INFORMATION SHOWN.
*** Begin section ***
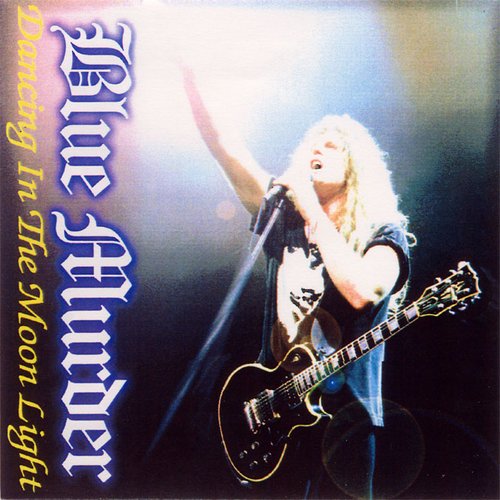 Blue Murder - ⁄ | BLUE MURDER ブルー・マーダー Records Guitar John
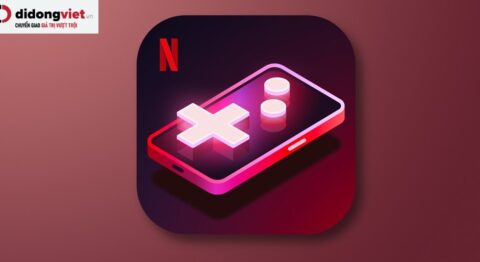 Netflix ra mắt ứng dụng điều khiển game cho iPhone, nhưng vẫn chưa cung cấp trò chơi trên TV
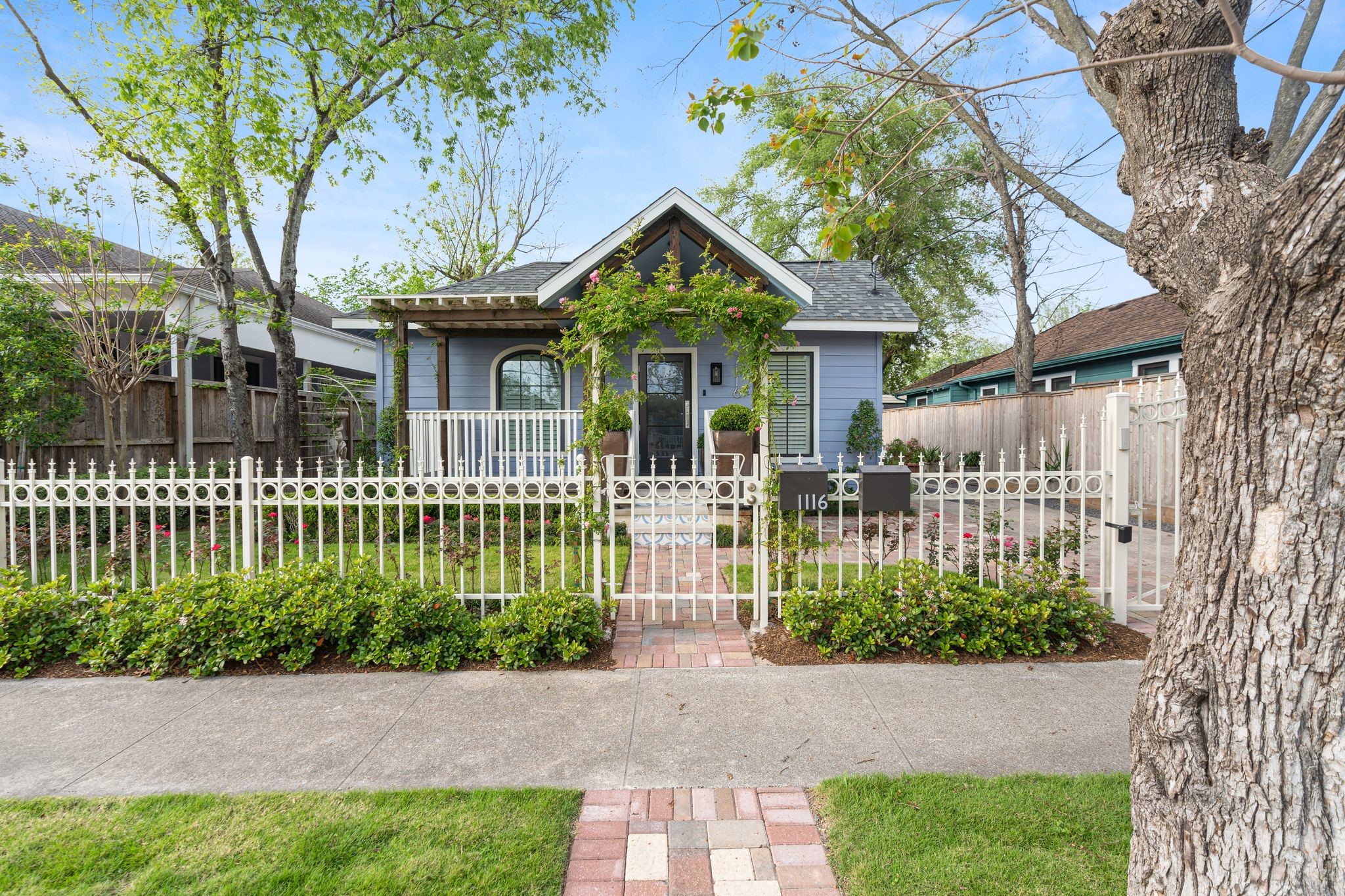 1116 Nadine Street Property Photo 1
*** End section ***
REQUIREMENT.
The lines from the one containing "Netflix ra mắt" up to and including the last line of the material above are to be given again exactly; any pictures are dropped.

EXERCISE OUTPUT.
 Netflix ra mắt ứng dụng điều khiển game cho iPhone, nhưng vẫn chưa cung cấp trò chơi trên TV
 1116 Nadine Street Property Photo 1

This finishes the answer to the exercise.